The World’s End

131836340__430267cSince Hot Fuzz which was all the way back in 2007 Simon Pegg, Edgar Wright and Nick Frost have split off in their own directions with varying degrees of success. While I have found Pegg to become a less likeable film personality than most, with boring comedies like Run Fatboy Run and How to Lose Friends and Alienate People, and worse than average performances in big blockbuster like the Mission Impossible series and his portrayal of Scotty in the new Star Trek movies, Edgar Wright having only done the brilliant Scott Pilgrim vs. The World has proven he’s a director who that’s a cut above the rest. Frost has done a number of films in between but none of them have tickled my fancy really, and then of course there’s Paul which saw Pegg and Frost team up on screen but I’m steering well clear of that for now. So here we have the reunion then of a group of blokes who grew up in Somerset, loved zombie movie and Star Wars and somehow became some of the biggest names in film. But would The World’s End capture that magic that made Shaun of the Dead and Hot Fuzz so much fun?

The first thing to make clear is that while bearing some similarities, for the most part, The World’s End is very different from it’s two predecessors, this is a much more polished film, and despite it’s utterly British premise the film feels a lot more Hollywood than Shaun and Fuzz. One of the most disappointing aspects is that the loveable nerdiness that was scattered in those films is not really apparent here, while they referenced countless movies and games, The World’s End really is striving more to get by on it’s own humour and appeal. It’s a shame though not to have this fanboy element but then The World’s End should really be judged on its own merit rather than comparing it to others. And when you do that it’s a film with very few faults. Adding more major British acting talent with Martin Freeman, Paddy Considine and Eddie Marsan all having large roles it is still Pegg and Frost how hold the films most enticing characters and there performances are the best either of them have brought to the table since Fuzz. Pegg provides the majority of the film gags but Frost’s kung fu acrobatics are possibly the films funniest moments.
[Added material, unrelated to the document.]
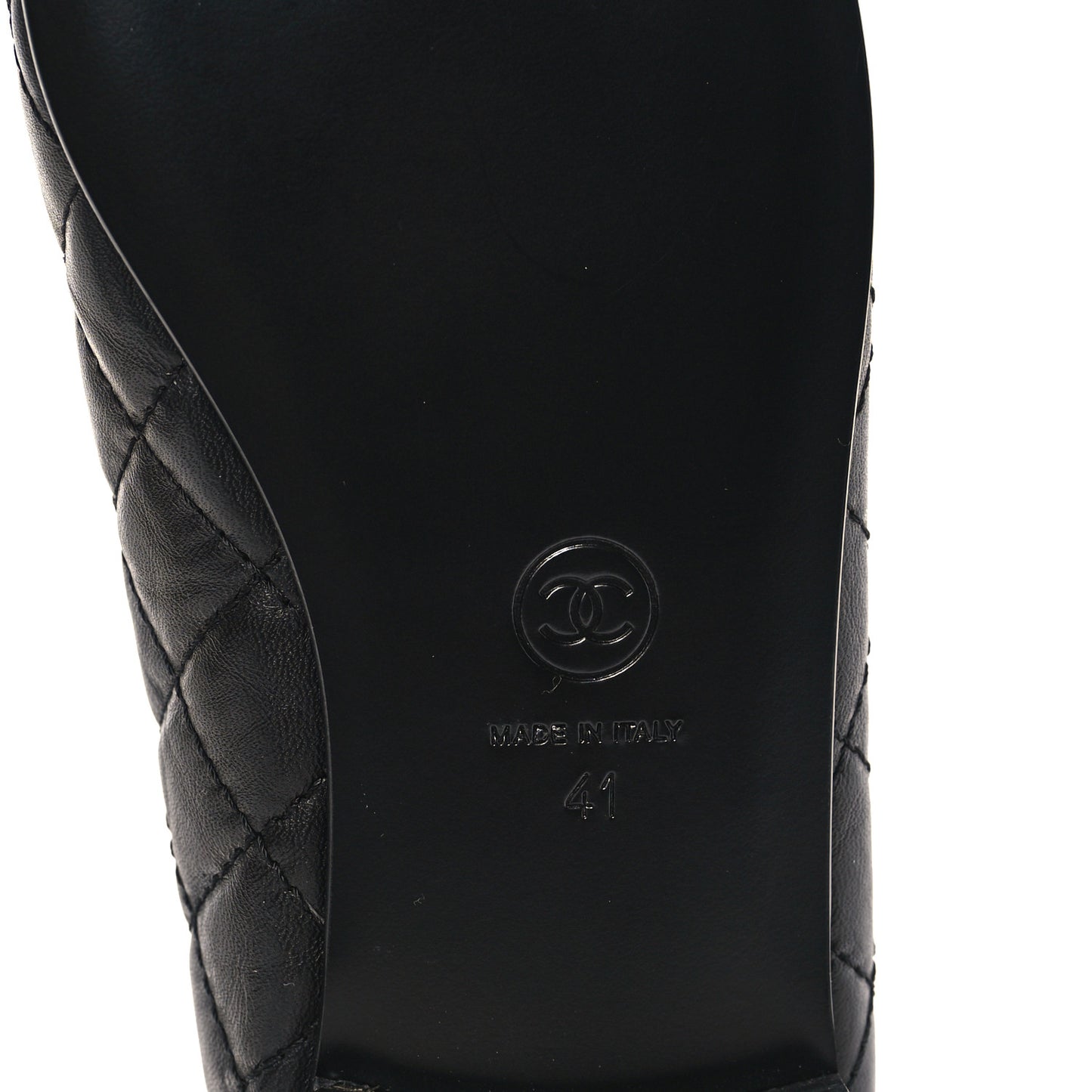 Aged Calfskin Quilted CC Cap Toe Ballerina Flats 41 Black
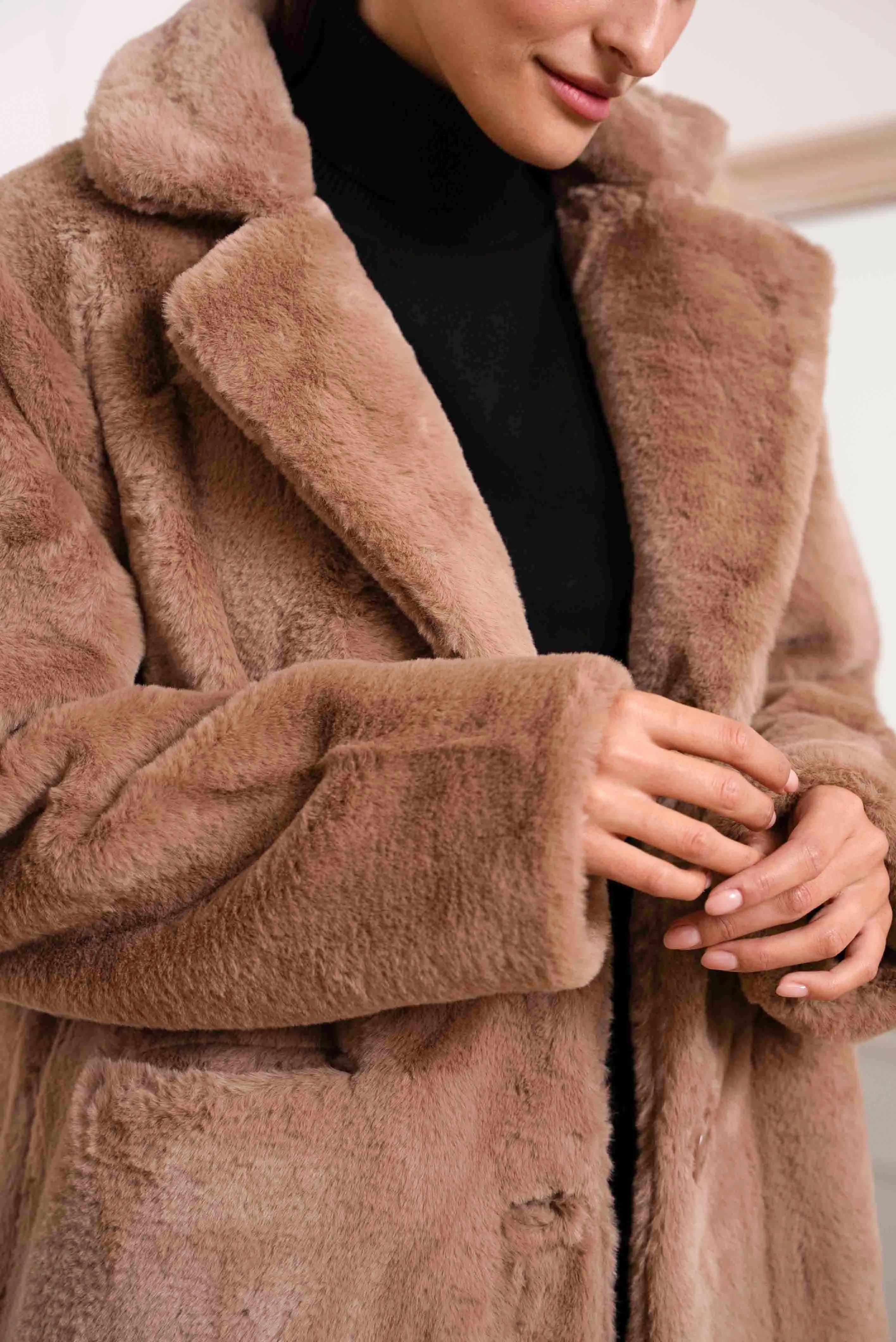 Trinity Faux Fur Coat-Taupe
The choreography is very well done here, Wright obviously having picked up some techniques from Scott Pilgrim and it does provide so the some entertaining action which still holds the comic over-the-top violence that there films are known for. Plot-wise The World’s End doesn’t exactly push any new boundaries and really plays out like an episode of Doctor Who with a world threatening alien invasion that is solved in a rather ridiculous way. It’s ending is easily it’s strongest and funniest moment I don’t want to give it away but to me the conclusion is what stops The World’s End from falling into the field of mediocrity.

It may not be as fun or original as the previous movies from the so called Three Flavours Cornetto Trilogy but The World’s End does hold some fantastic moments and will have you leaving the cinema with a smile. It proves that these three guys are at their best when there together and let’s hope this isn’t the end of the Pegg, Wright and Frost output,

The Red Riding Trilogy

red-riding_625x352So during my recent Easter TV binge I finally got round to watching 2009 miniseries, The Red Riding Trilogy. It’s a three part series of films all based on murder cases in Yorkshire and the corrupt way in which the police department dealt with things. Each film is based in a different year starting with 1974 and continuing with 1980 and 1984. Each film features a different protagonist, plot and director but there a threads that run through all three of them. The cast is one of the most impressive ever assembled on British TV, with Andrew Garfield, Paddy Considine, David Morrissey and Sean Bean being just the tip of the iceberg.

It’s a very dark miniseries content on showing you a grimy side of history where corruption ruled the roost in the police force leading to these murder cases being kept going way longer than they should have. While it would be appear that this series should have everything going for it I must say overall I was disappointed. While stylistically the films are done incredibly well; they are superbly acted and the dense plotlines should be enough to make an outstanding TV drama I felt that the emotion never really got out there. The feel of the show ultimately just seemed too cold, making it very hard to get properly in to. The idea to have hour and a half long episodes, done so well on the more recent Sherlock, I think, hinders Red Riding making it over-long and somehow, strangely boring. Don’t get me wrong on some levels I enjoyed the show greatly, it had some fantastic moments but the overall sensation I got was not one of entertainment, more just of boredom.

My favourite of the three was the first one starring Andrew Garfield as a journalist who asks too many questions, I found this to be the most personal stroyline as we follow Garfield’s character as he digs deeper into a system that was rotten to the core. The second episode was my least favourite, despite me normally being a huge fan of Considine, while the plot was excellent I never felt much of a connection with any of the characters in the episode. By the third and final feature the coldness of the series is fully realised and for much of the episode I found myself caring very little, but the last twenty minutes or so give us the miniseries most entertaining moments of all making the episode so much better than it could have been. It’s overall a very interesting series but, unfortunately, one that did not fully meet my expectations.